Mentre le nuvole continuano le loro danze senza fine, ci prendiamo il tempo di riposare e di godere del panorama, per quanto concesso. Dal passo il sentiero sale tra verdi e rocce, alla Cima Lastei e poi, lungo una breve cresta friabile, alla cupola detritica del Col Nudo. Saliamo lungo i pendii sommitali, mentre il cielo cala nuovamente, grigio e rorido, ad avvolgere la cima. 










Sebbene raggiunta la cima , questa zona rimane ancora inesplorata agli occhi. I panorami restano sconosciuti, celati dietro quinte grigie e dispettose. Torno indietro, verso Cima Lastei, dove Nadia, mi aspetta. Non si vede nulla, il grigio della pietra che i passi calpestano si confonde con le nuvole. Non so dove sono, non riconosco i passi compiuti poc'anzi, se non fosse per qualche bollo rosso sbiadito.

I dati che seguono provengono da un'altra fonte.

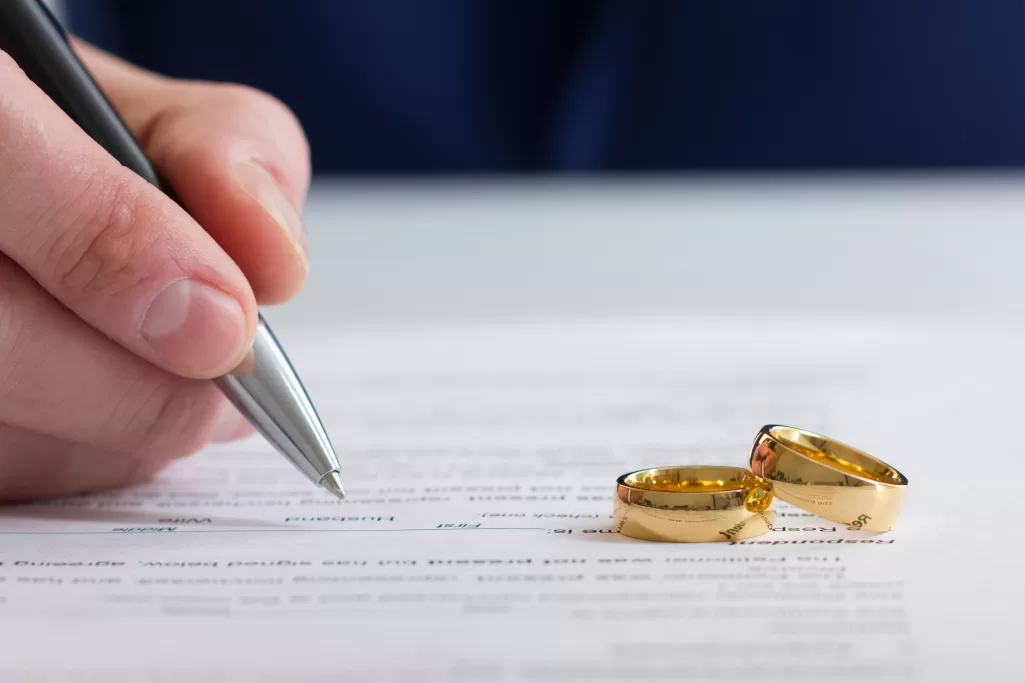 A person signing divorce papers with two gold rings resting nearby | Source: Shutterstock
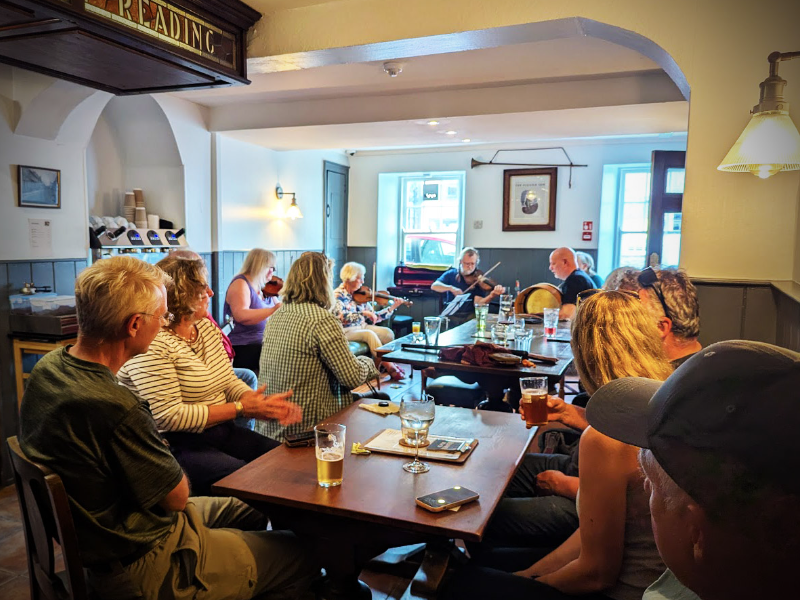 Group of people enjoying live acoustic music in a cosy pub setting with drinks on the table.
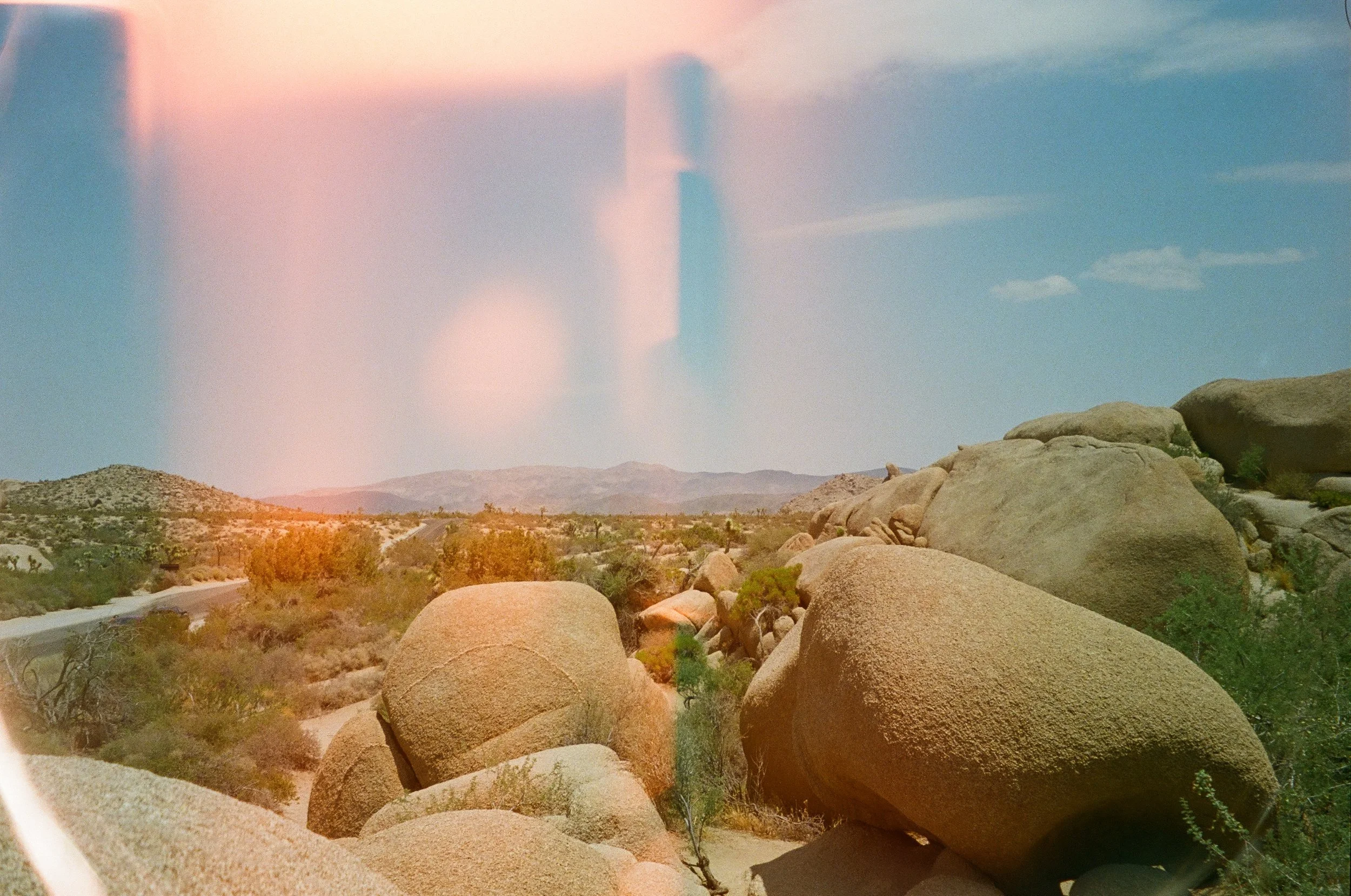 A desert landscape with large boulders in the foreground and mountain ranges in the background, under a partly cloudy sky with a faint rainbow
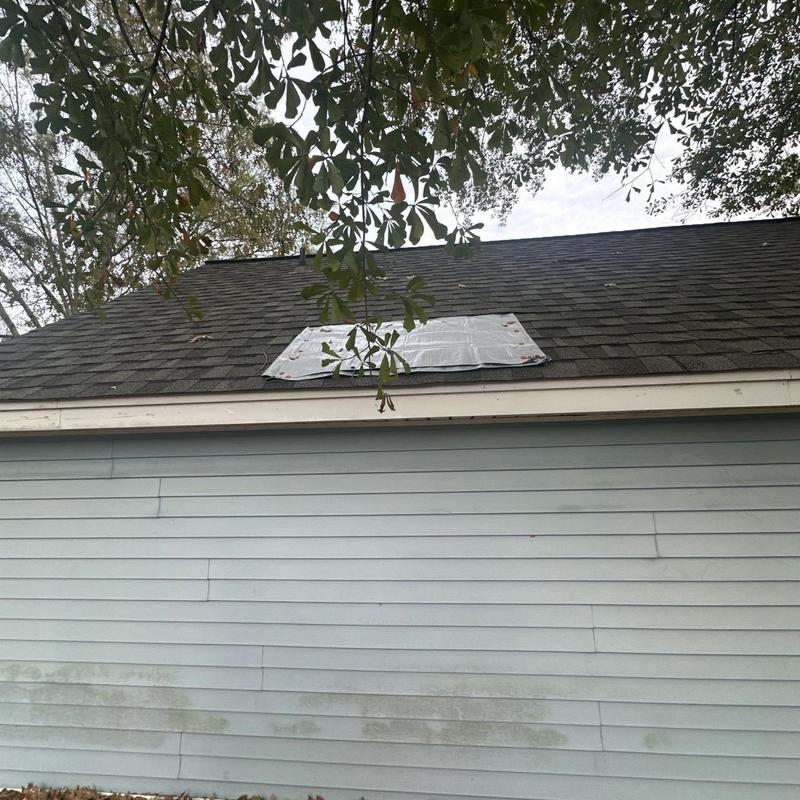 Roof shingles with temporary tarp covering damage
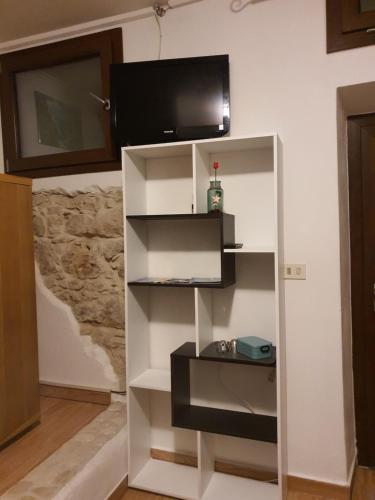 a white book shelf with a tv on a wall at Montecool in Baunei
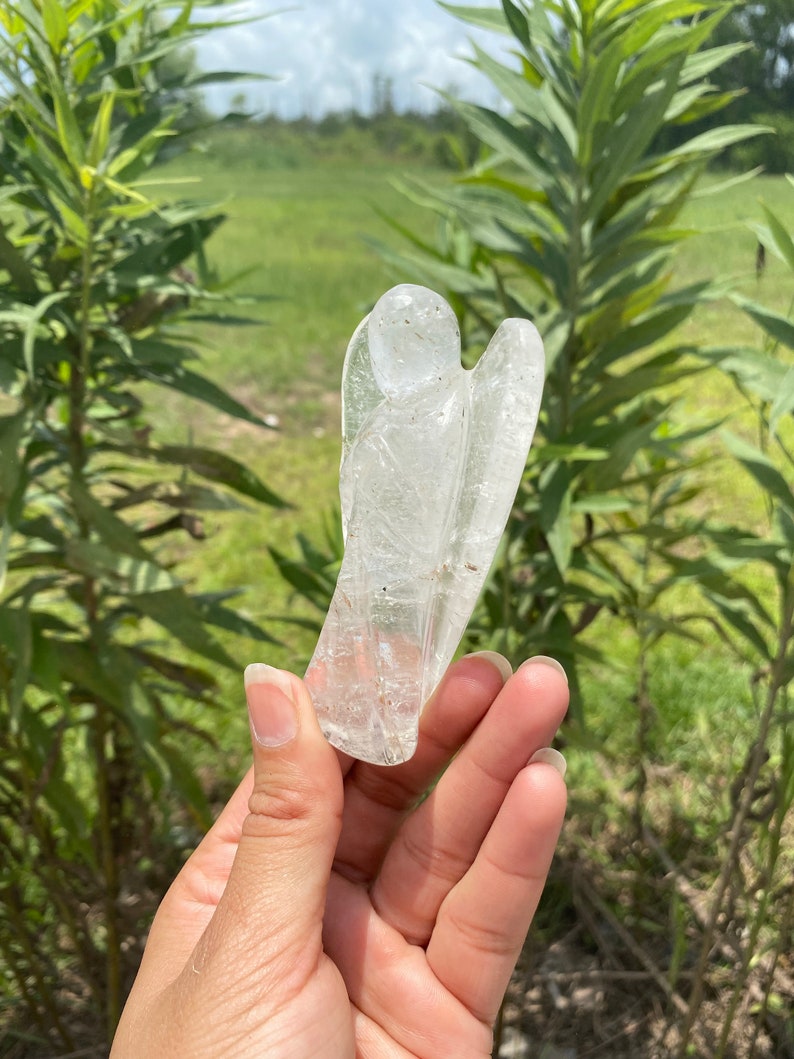 Peut inclure: Une figurine d'ange en cristal de quartz clair sculpt&eacute; dans un cristal naturel. L'ange est debout, les ailes d&eacute;ploy&eacute;es.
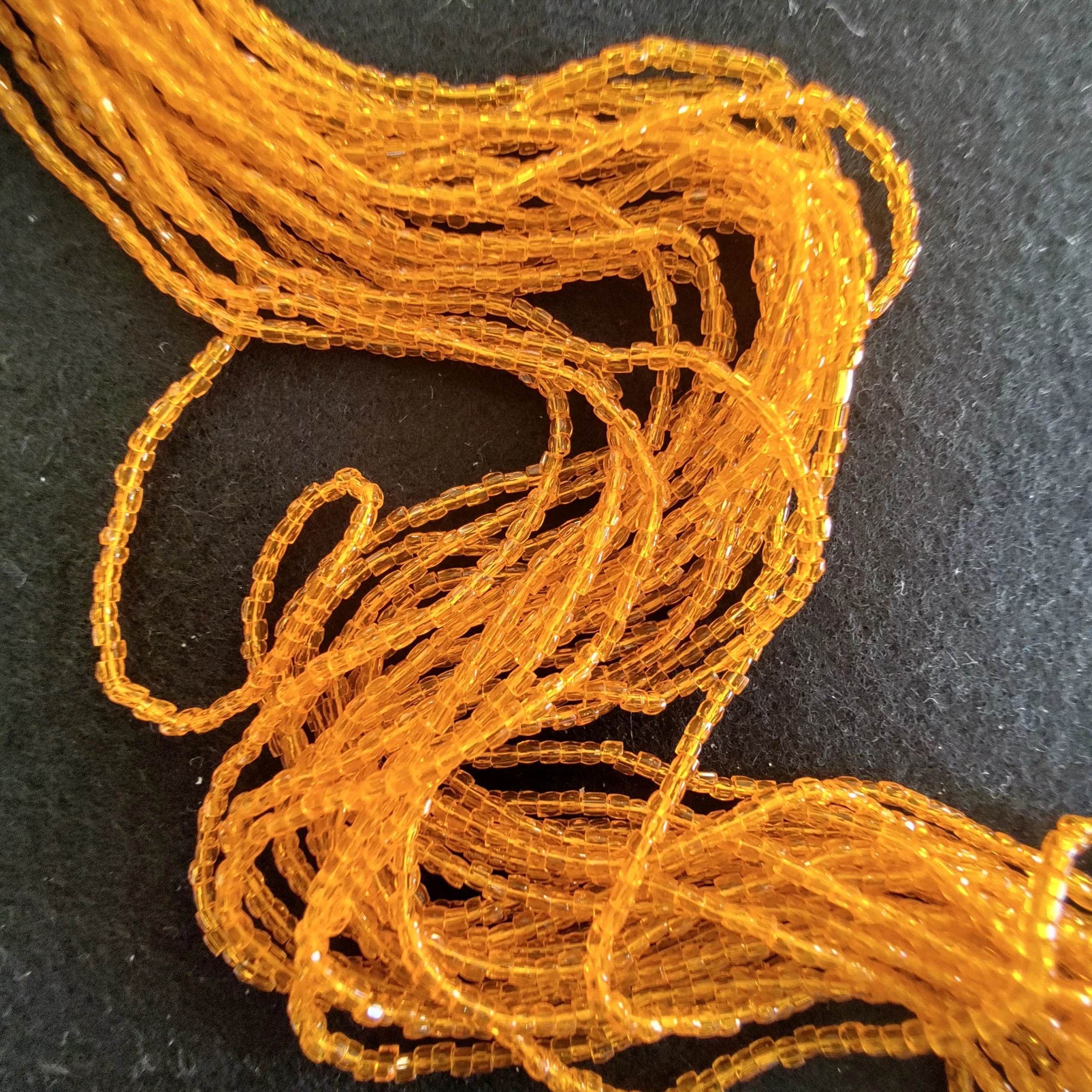 Perles 3 facettes orange translucide 90000/11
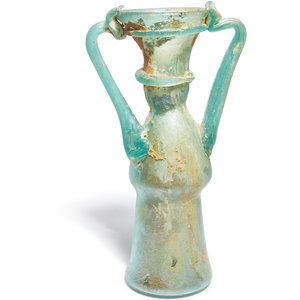 A Roman Green Glass Vessel
Circa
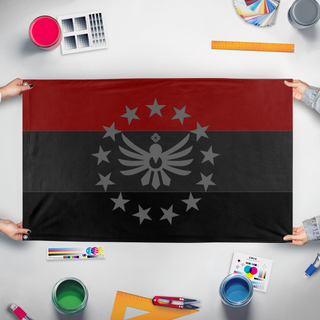 A mockup of the custom flag 'Sitherion Union flag' held up on a table during print checking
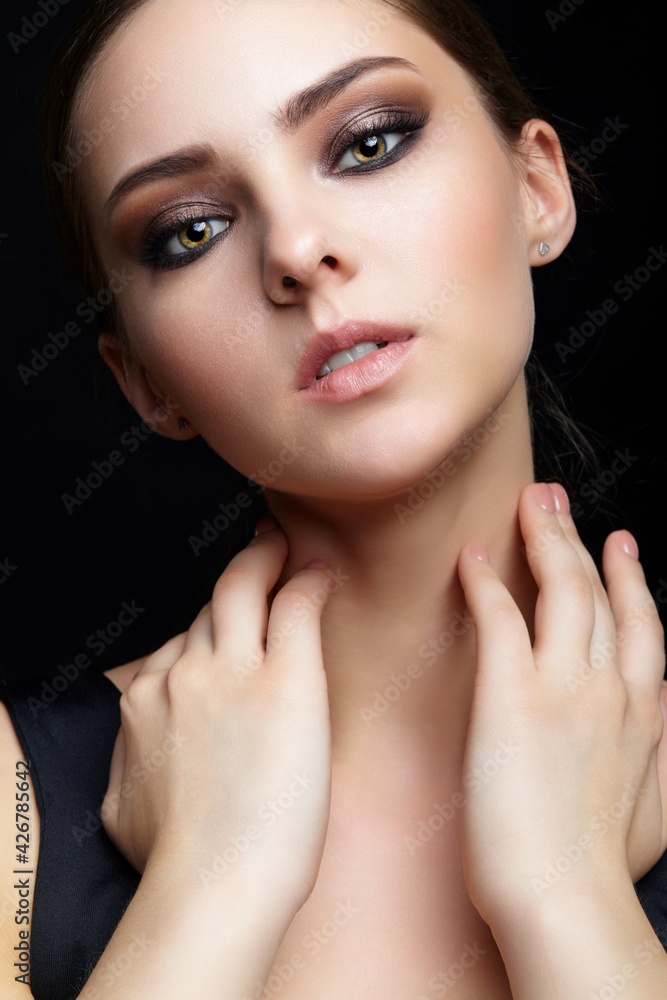 Beauty portrait of young woman with hands on neck on black background. Beauty portrait of young woman with hands on neck on black background.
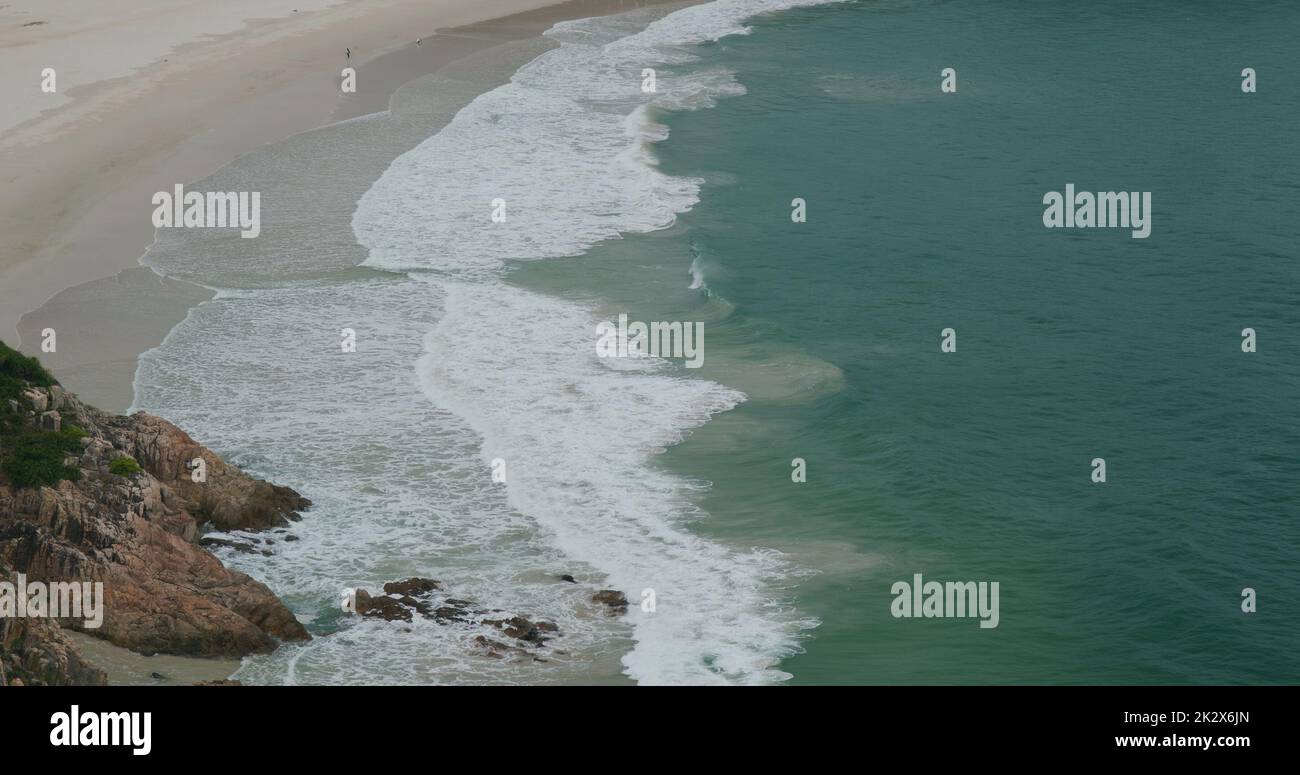 Sea wave splash on rock at beach Stock Photo - Alamy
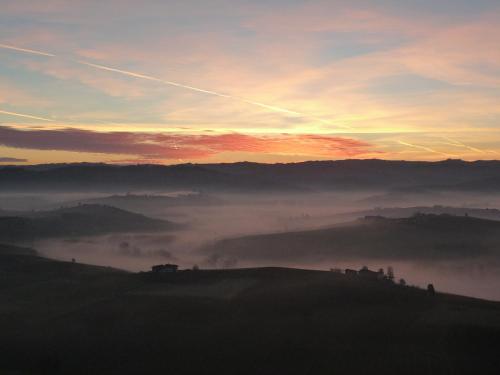 a view of a foggy valley with the sun setting at La Vigna Del Parroco in Verduno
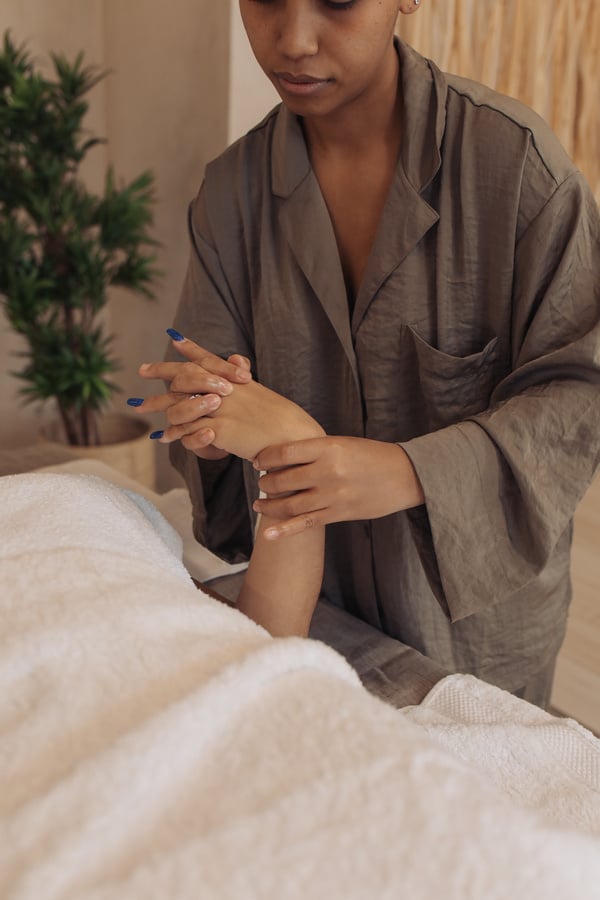 Masseuse Massaging Woman's Hand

Raggiungo Nadia e, come uno sberleffo, la cima del Col Nudo si apre il tempo di un sospiro, grigio tumulo di pietre sullo sfondo di un paesaggio che resta da indovinare.



Torniamo sul nostro cammino, verso passo Valbona, e iniziamo la lunga discesa verso il Venal di Montanes, aggirando il solitario Col di Piero, e raggiungendo i pascoli abbandonati di casera Scalet Alta, dove chiudiamo il nostro anello, prima di scendere, nel bosco ripido, al parcheggio.